- _WHAT TO DO_: Reproduce the material below only from the line with "Künstlerisches florales Press-On-Nagelkunst-Set" to the line with "ND license plate IPA220", both included, keeping each line exact and dropping the pictures.

- _ENTRIES SUPPLIED_:
........

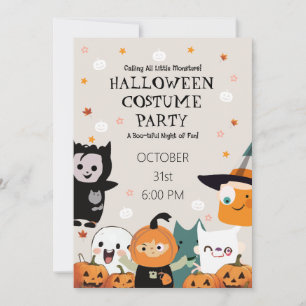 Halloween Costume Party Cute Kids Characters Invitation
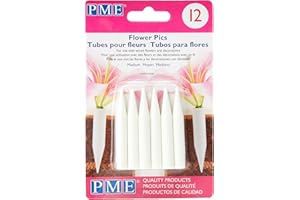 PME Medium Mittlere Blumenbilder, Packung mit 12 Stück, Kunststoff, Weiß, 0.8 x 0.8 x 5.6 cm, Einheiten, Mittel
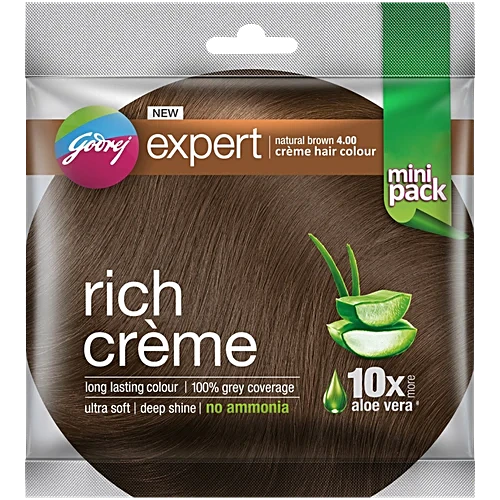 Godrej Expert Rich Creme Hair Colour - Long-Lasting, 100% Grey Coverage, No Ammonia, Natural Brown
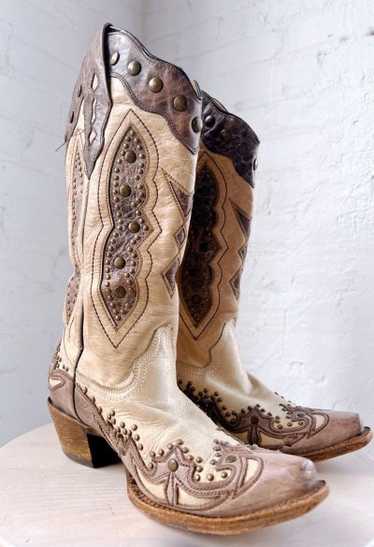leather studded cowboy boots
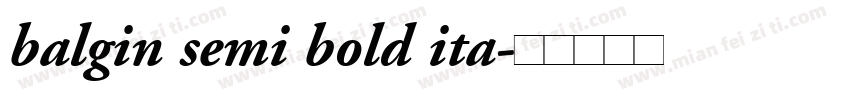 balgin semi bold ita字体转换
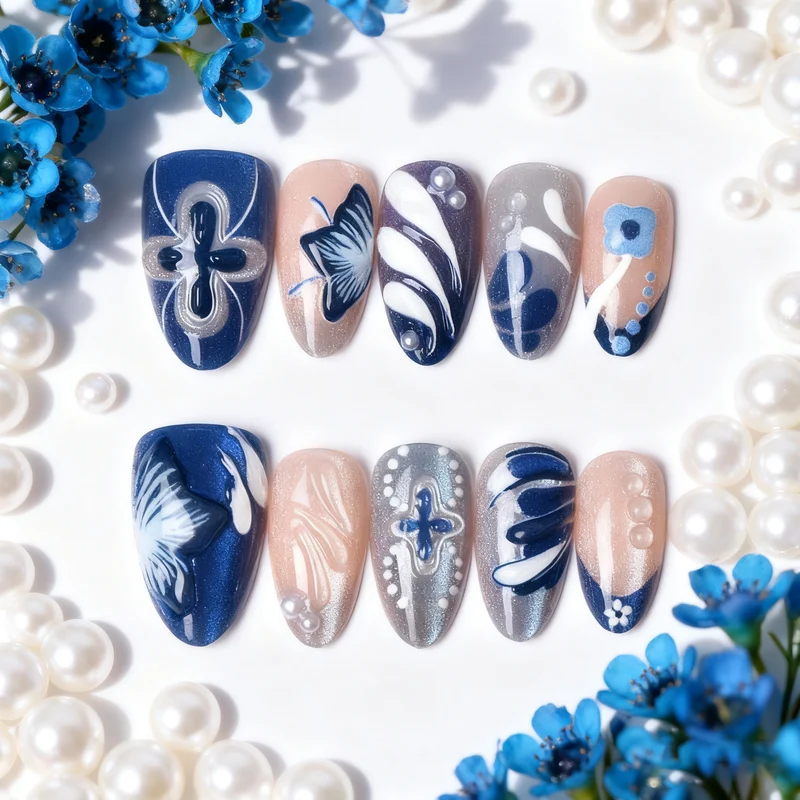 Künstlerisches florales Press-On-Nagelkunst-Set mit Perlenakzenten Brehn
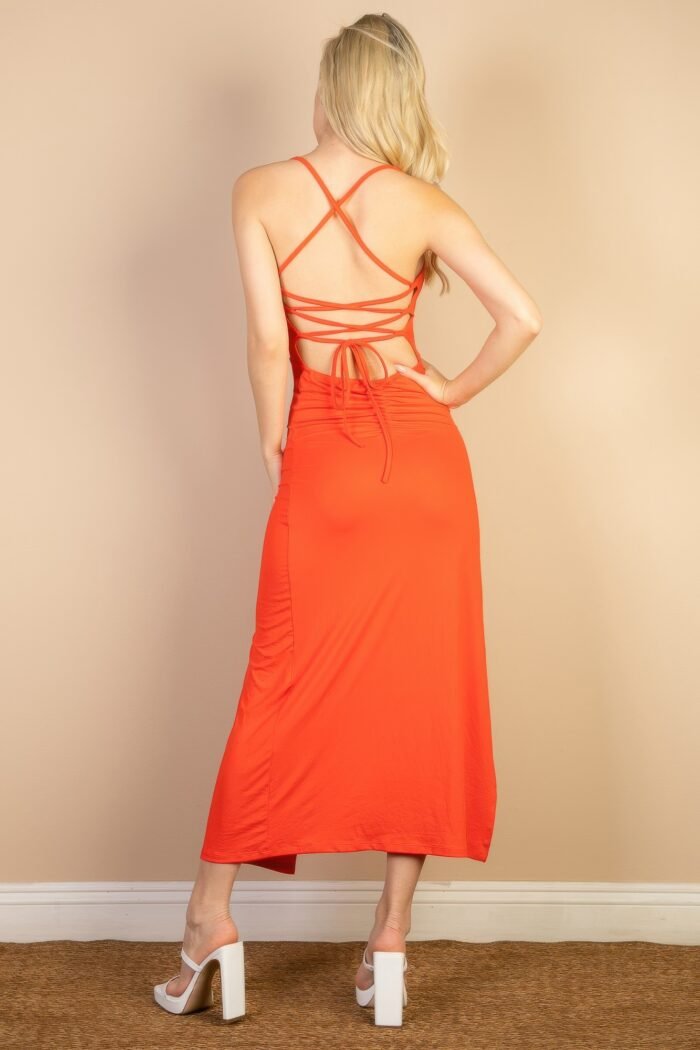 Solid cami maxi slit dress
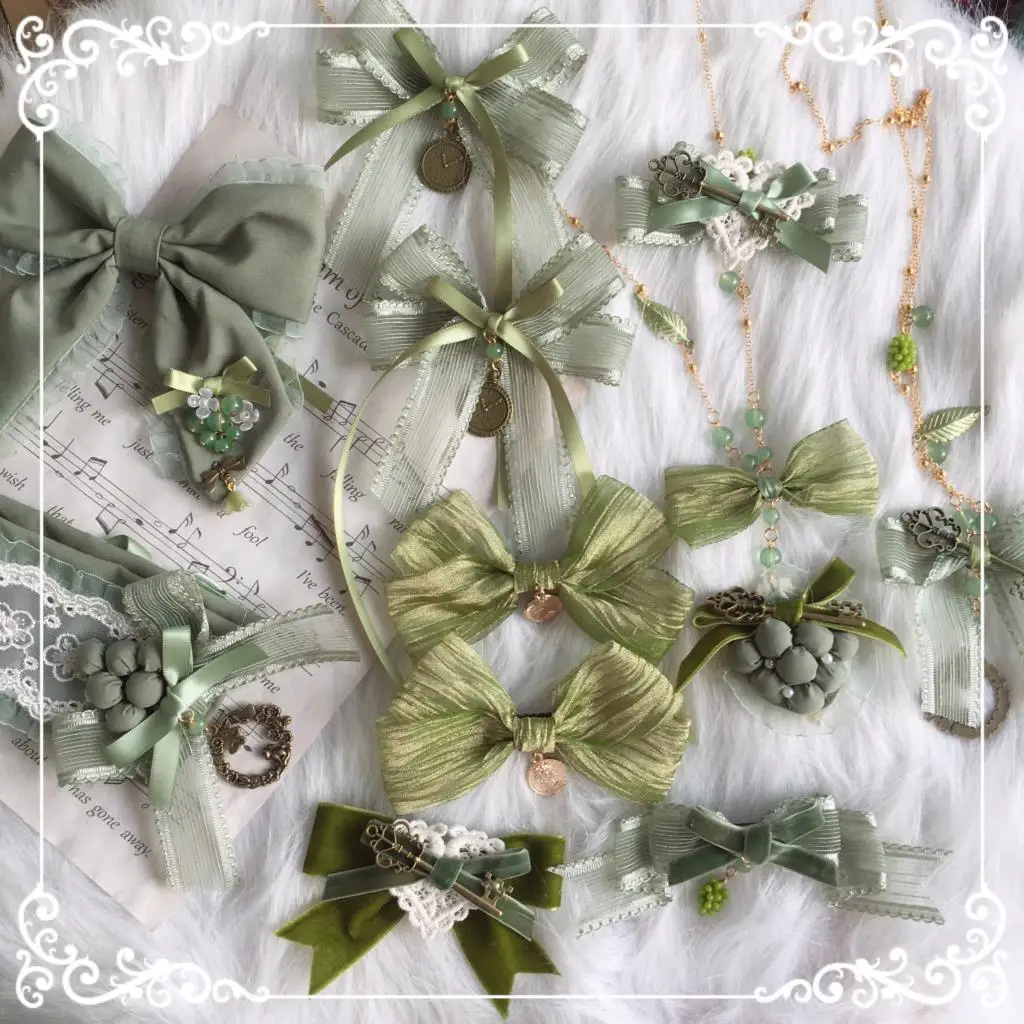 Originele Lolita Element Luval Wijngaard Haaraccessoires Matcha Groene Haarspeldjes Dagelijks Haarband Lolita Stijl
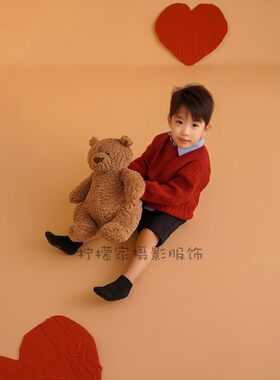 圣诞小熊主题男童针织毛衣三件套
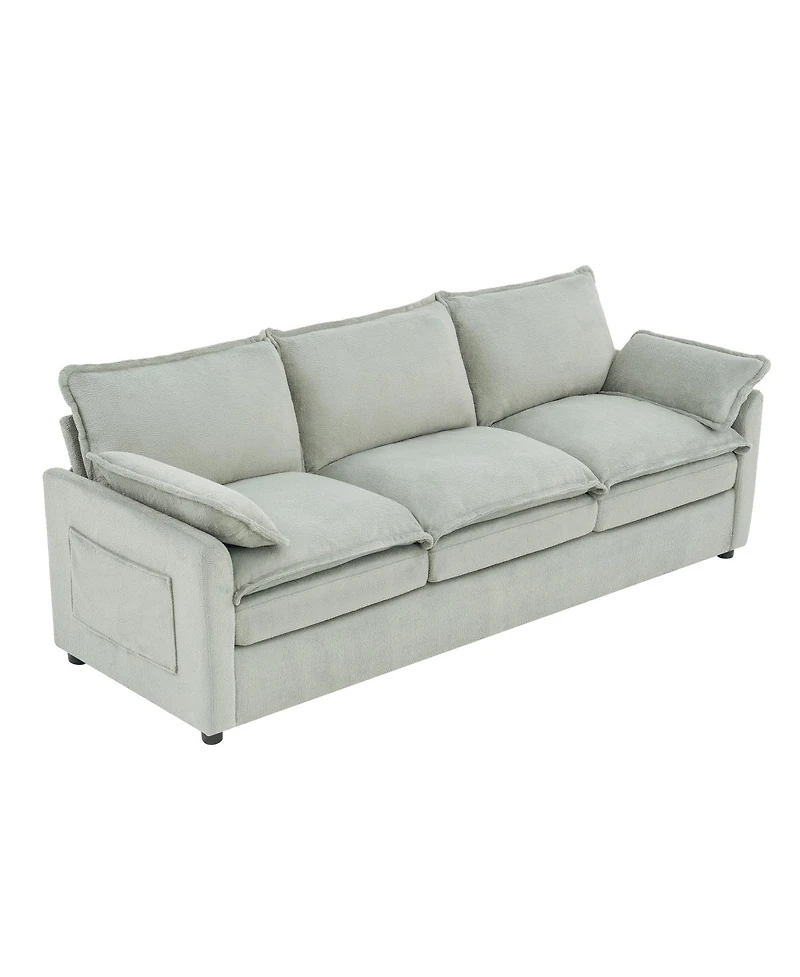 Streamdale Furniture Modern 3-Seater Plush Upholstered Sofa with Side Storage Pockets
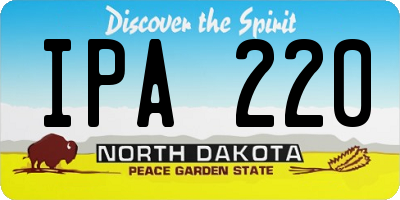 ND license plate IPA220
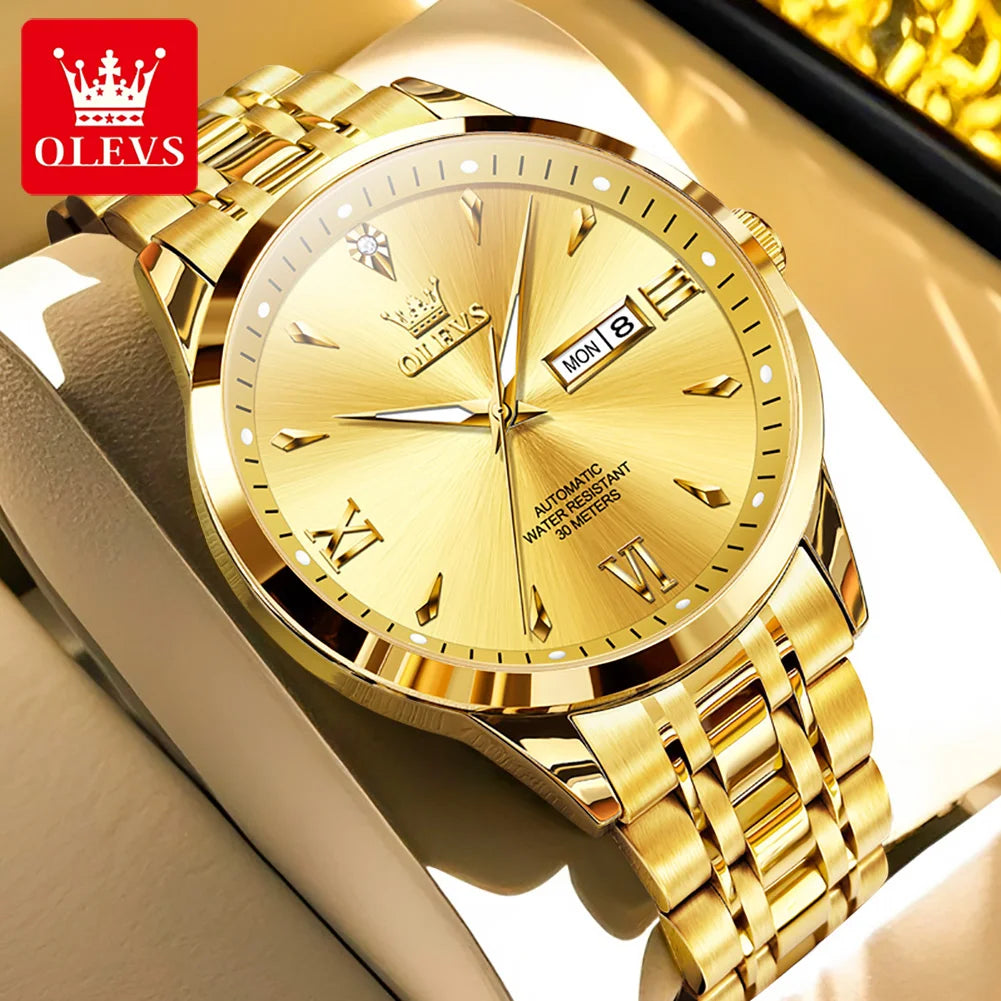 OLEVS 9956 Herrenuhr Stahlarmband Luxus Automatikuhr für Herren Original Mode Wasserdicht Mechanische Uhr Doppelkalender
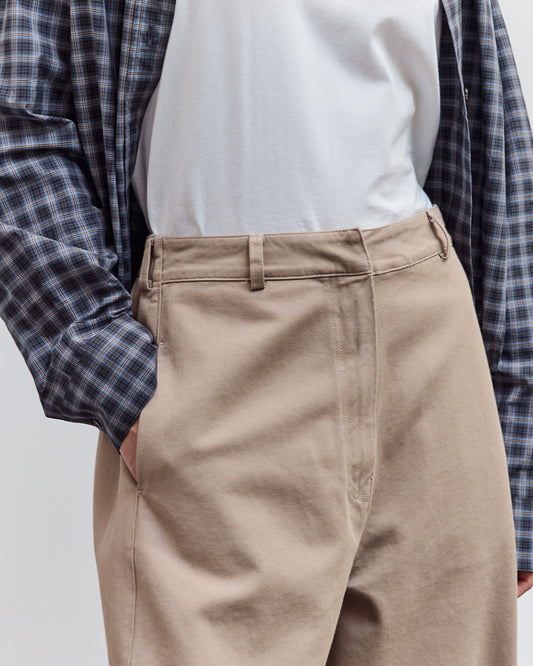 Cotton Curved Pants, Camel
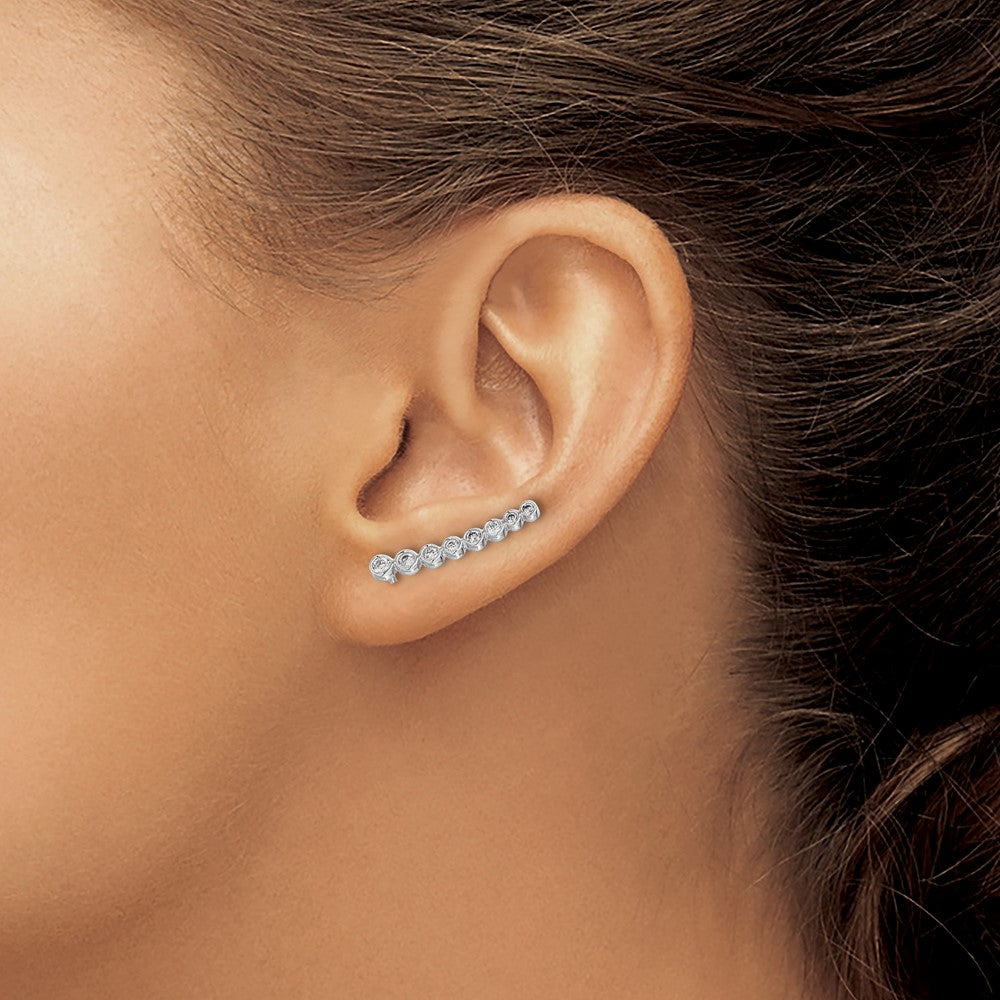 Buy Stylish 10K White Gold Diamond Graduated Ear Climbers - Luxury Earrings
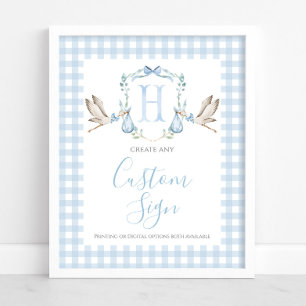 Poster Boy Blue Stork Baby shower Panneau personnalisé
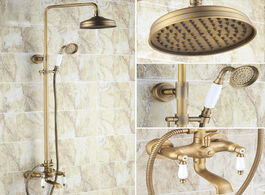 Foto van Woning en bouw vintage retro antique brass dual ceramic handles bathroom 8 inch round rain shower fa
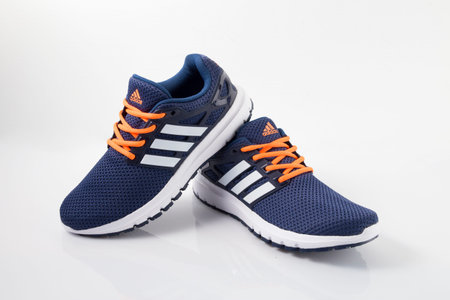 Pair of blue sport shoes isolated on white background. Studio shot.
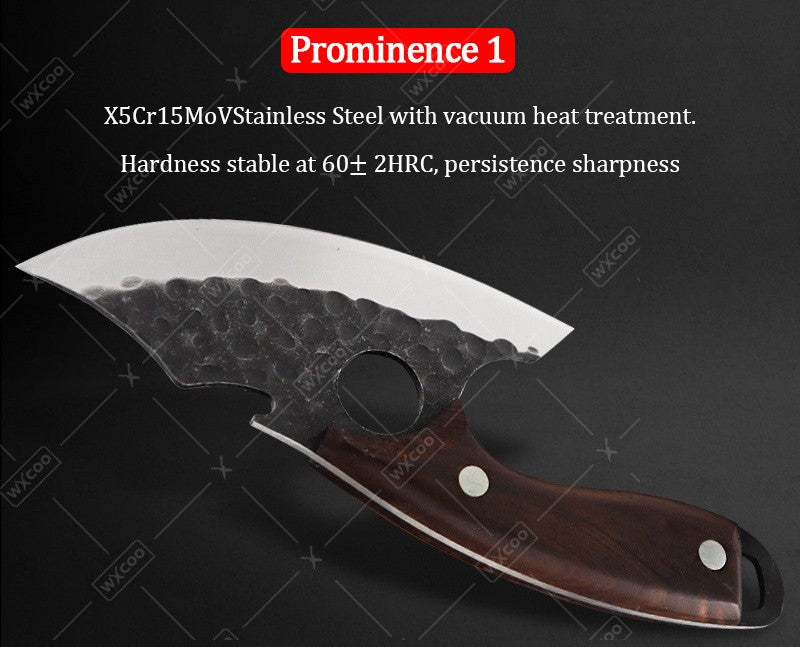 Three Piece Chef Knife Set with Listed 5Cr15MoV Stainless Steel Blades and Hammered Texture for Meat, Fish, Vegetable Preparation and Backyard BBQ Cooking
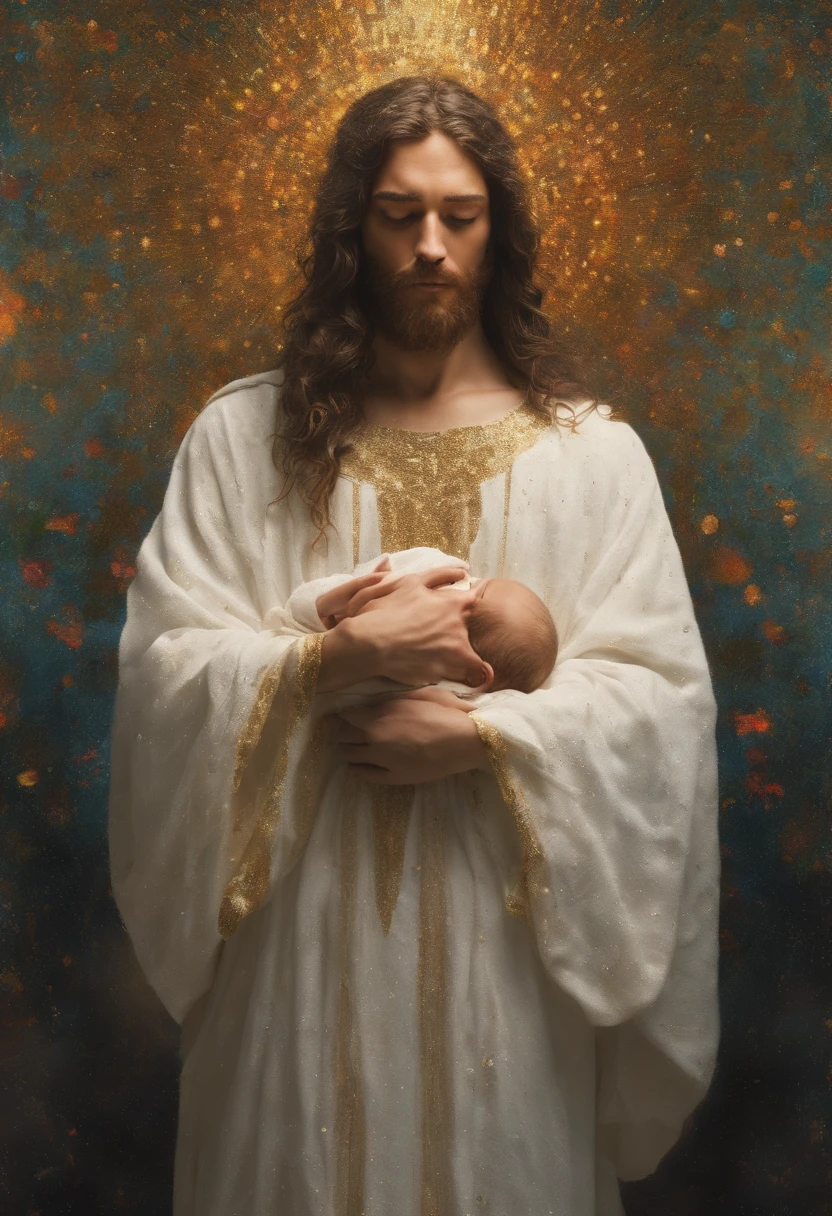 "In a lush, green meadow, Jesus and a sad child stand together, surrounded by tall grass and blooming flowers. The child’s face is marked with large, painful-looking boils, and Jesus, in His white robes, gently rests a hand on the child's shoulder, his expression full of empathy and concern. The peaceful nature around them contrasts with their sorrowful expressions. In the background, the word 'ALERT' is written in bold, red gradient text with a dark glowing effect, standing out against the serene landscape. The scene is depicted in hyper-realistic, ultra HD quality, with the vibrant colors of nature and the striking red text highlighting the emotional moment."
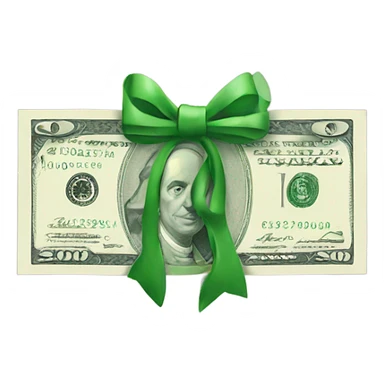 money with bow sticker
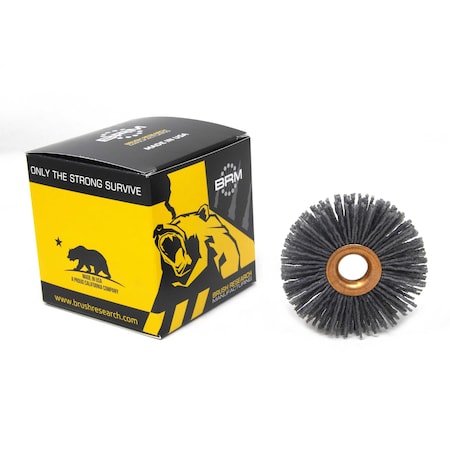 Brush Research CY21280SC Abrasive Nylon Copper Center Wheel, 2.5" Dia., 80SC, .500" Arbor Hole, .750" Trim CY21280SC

........

- _RESPONSE TO THE TASK_:
 Künstlerisches florales Press-On-Nagelkunst-Set mit Perlenakzenten Brehn
 Solid cami maxi slit dress
 Originele Lolita Element Luval Wijngaard Haaraccessoires Matcha Groene Haarspeldjes Dagelijks Haarband Lolita Stijl
 圣诞小熊主题男童针织毛衣三件套
 Streamdale Furniture Modern 3-Seater Plush Upholstered Sofa with Side Storage Pockets
 ND license plate IPA220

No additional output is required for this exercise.